How can I force Mathematica to calculate symbolically the partial derivative of a function u[x,y] with respect to a variable z = f(x, y), where f(x, y) is known?

u is a function, defined on reals, taking real values. Same thing holds for f.

I want to try different changes of variables in PDEs. An example of what I'm trying to achieve and why it's failing:

z = 2*x + y 

2 x + y

D[u[x, y], z]

General::ivar: 2 x+y is not a valid variable. >>

D[u[x, y], 2*x + y]

EDIT: It appears I have failed to convey the essence of the question.

I am not asking how to solve a PDE with Mathematica. I am asking how, given a transformation of the original variables, to calculate the partial derivatives with respect to the new variables. The PDE part is merely some context as to why I want to do this.

Answer 1

In addition to belisarius' concrete answer, here is a more symbolic formulation:

If u and v are the new variables and the transformation functions are known to be

{x[u, v], y[u, v]}

then the set of partial derivatives of f with respect to u and v (i.e., the gradient) is

D[f[x, y], {{x, y}}].D[{x[u, v], y[u, v]}, {{u, v}}]

$\left\{ \\ f^{(1,0)}(x,y) x^{(1,0)}(u,v)+f^{(0,1)}(x,y)y^{(1,0)}(u,v), \\ f^{(1,0)}(x,y) x^{(0,1)}(u,v)+f^{(0,1)}(x,y)y^{(0,1)}(u,v)\\ \right\}$

Answer 2

Not sure if this is what you want.

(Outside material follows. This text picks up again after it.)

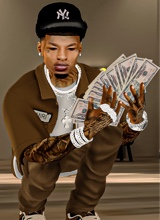 Guest_BANDZ185535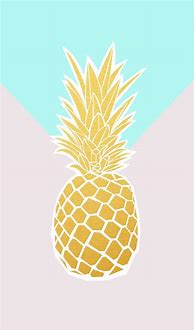 Image result for Aesthetics Pineapple Draw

Anyway:

Suppose we define new coordinates:

{w == x + y, z == x - y}

Now:

ClearAll[f];
sol = Solve[{w == x + y, z == x - y}, {x, y}];
FullSimplify@D[f[x, y] /. sol[[1]], z]

Let's try it:

f[x_, y_] := (x + y)^2
FullSimplify@D[f[x, y] /. sol[[1]], z]
(* 0 *)
FullSimplify@D[f[x, y] /. sol[[1]], w]
(* 2 w *)

Answer 3

You need to use Dt.

Dt[u[x, y], f[x, y]]

(* Dt[y, f[x, y]]*Derivative[0, 1][u][x, y] + Dt[x, f[x, y]]*Derivative[1, 0][u][x, y] *)